§ What you have to do
The reply should hold every entry exactly as written and none of the pictures.

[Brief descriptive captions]
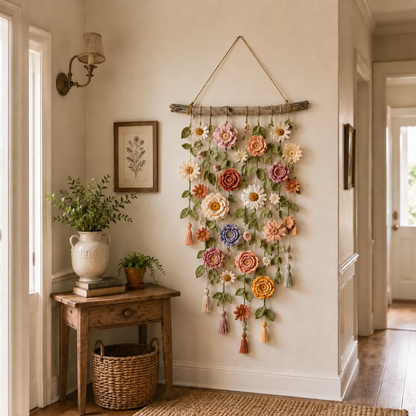 Boho Crochet Flower Wall Hanging Decor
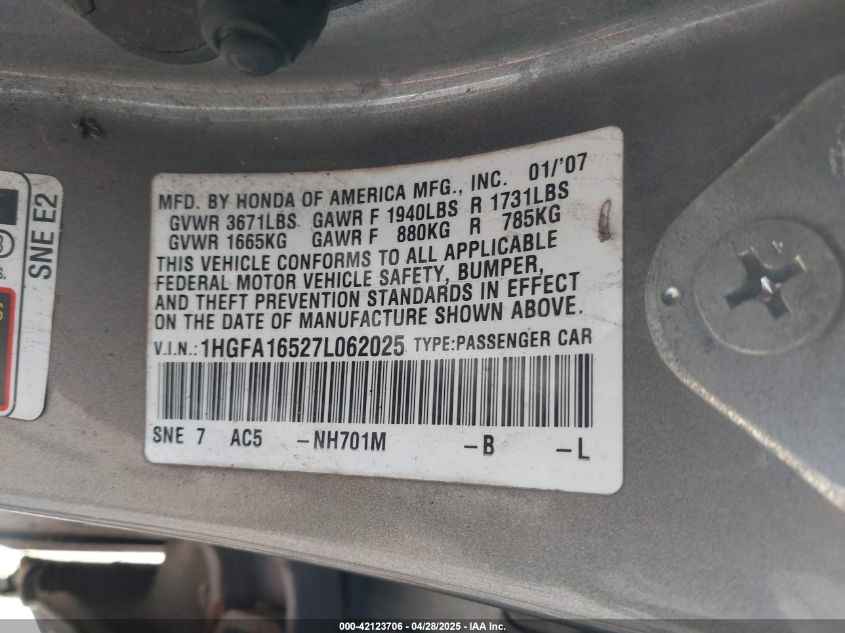 2007 Honda Civic Lx VIN: 1HGFA16527L062025 Lot: 42123706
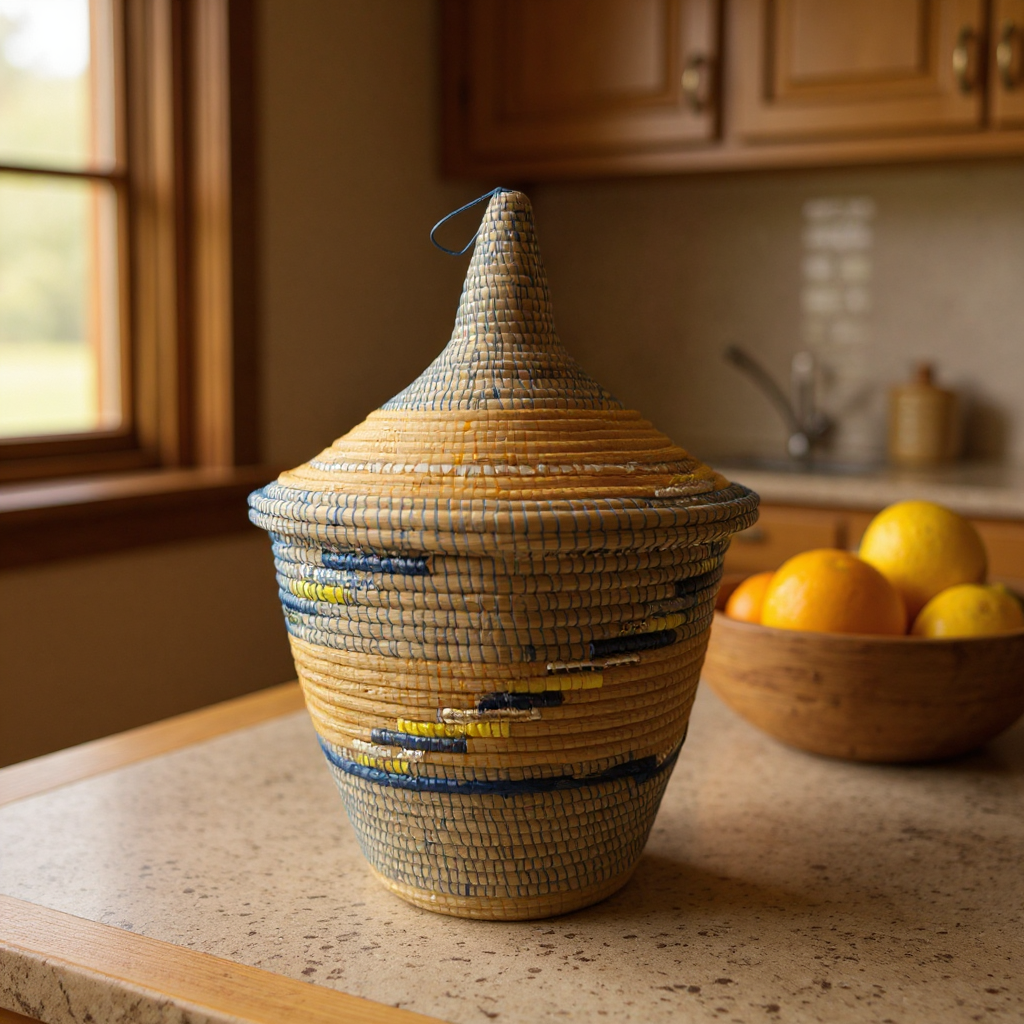 Rwanda Handwoven Lidded Basket – Blue, Yellow & Metallic Silver Accents (17.5”)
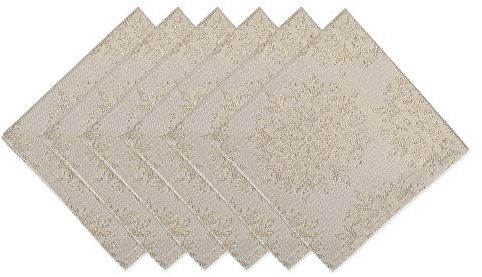 DII Tischwäsche für den Urlaub Glitzernde metallische Küchendekoration, Baumwolle, Jacquard Schneeflocken, Napkin Set, 20x20, 6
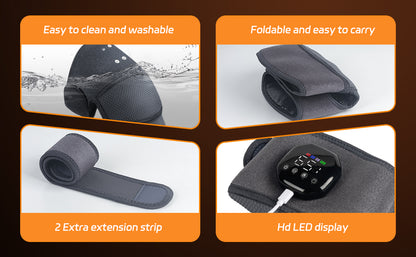 Knee Massager with Heat and Vibration, Cordless Heating Pad for Knee, 3-in-1 Massager for Knee Shoulder Elbow, Portable Washable Heated Knee Brace for Arthritis, with 2 Extension Straps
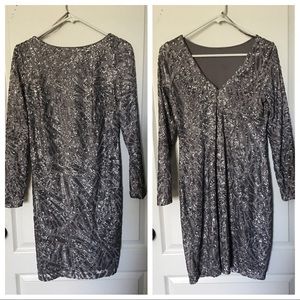 Silver long sleeve sequins party dress size 6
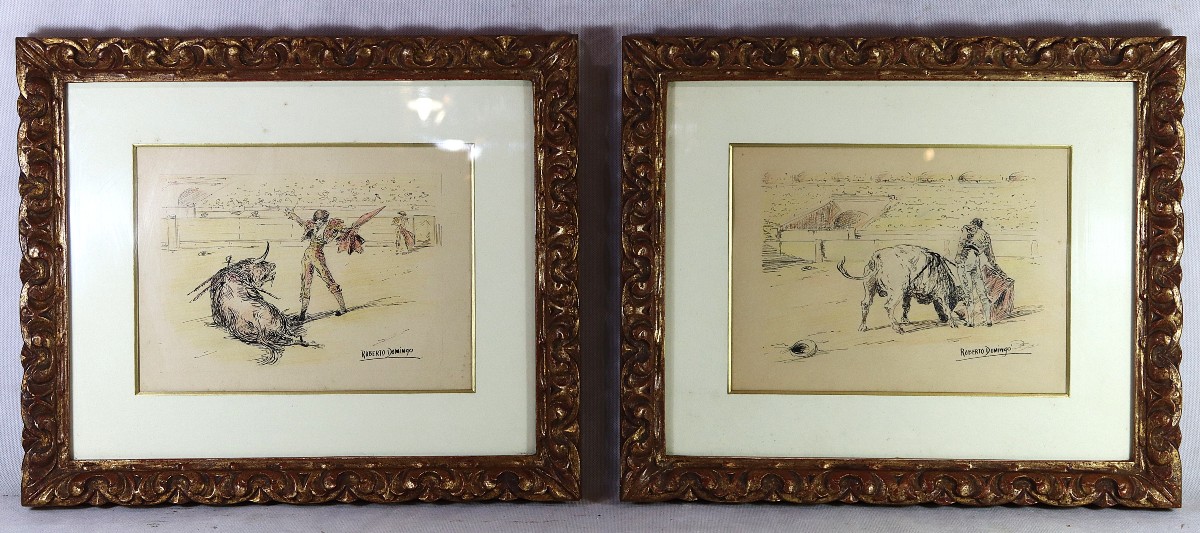Roberto Domingo y Fallola (1883-1956), Paire de dessin encre " Scène de tauromachie ", XXe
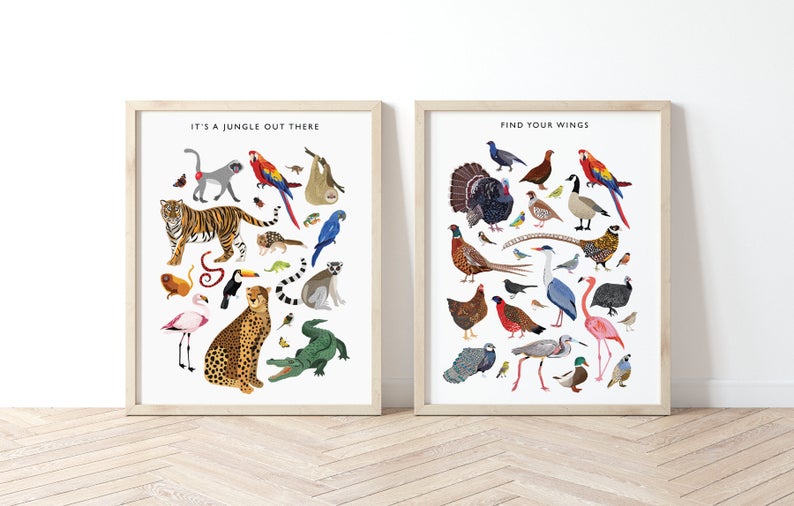 Set of 2 Wildlife Prints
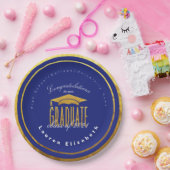 卒業ブモダンルー金ゴールドフォイフェイクル紙プレート ペーパープレート (パーティー)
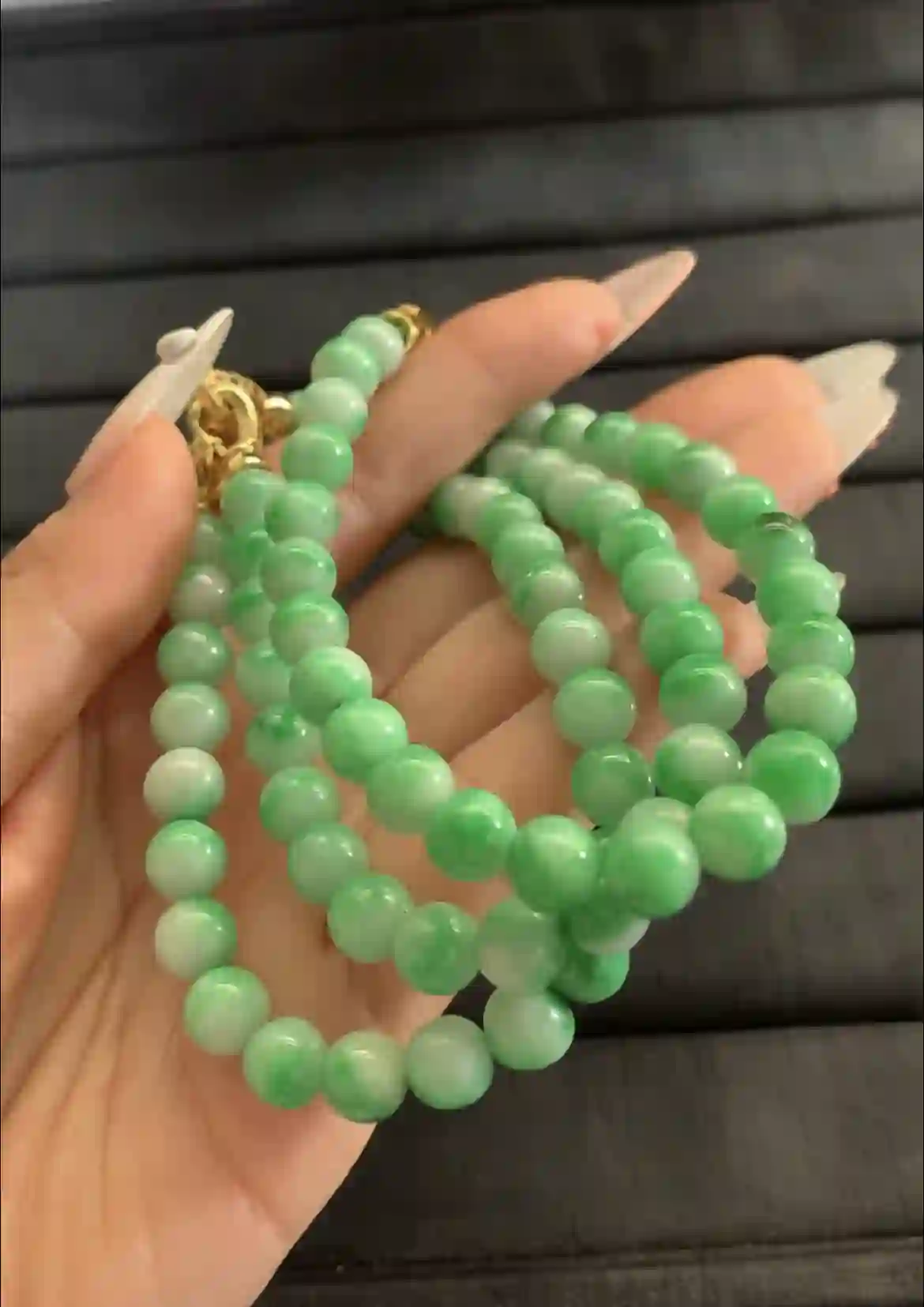 Green Jade Beaded Necklaces with Gold Clasps | Myanmar Jadeite reference #1230001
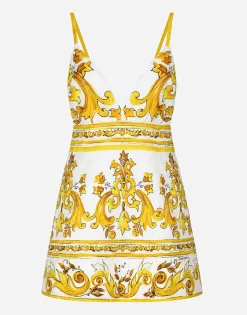 Short majolica-print brocade dress with straps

§ Exercise response
 Boho Crochet Flower Wall Hanging Decor
 2007 Honda Civic Lx VIN: 1HGFA16527L062025 Lot: 42123706
 Rwanda Handwoven Lidded Basket – Blue, Yellow & Metallic Silver Accents (17.5”)
 DII Tischwäsche für den Urlaub Glitzernde metallische Küchendekoration, Baumwolle, Jacquard Schneeflocken, Napkin Set, 20x20, 6
 Knee Massager with Heat and Vibration, Cordless Heating Pad for Knee, 3-in-1 Massager for Knee Shoulder Elbow, Portable Washable Heated Knee Brace for Arthritis, with 2 Extension Straps
 Silver long sleeve sequins party dress size 6
Roberto Domingo y Fallola (1883-1956), Paire de dessin encre " Scène de tauromachie ", XXe
 Set of 2 Wildlife Prints
 卒業ブモダンルー金ゴールドフォイフェイクル紙プレート ペーパープレート (パーティー)
 Green Jade Beaded Necklaces with Gold Clasps | Myanmar Jadeite reference #1230001
 Short majolica-print brocade dress with straps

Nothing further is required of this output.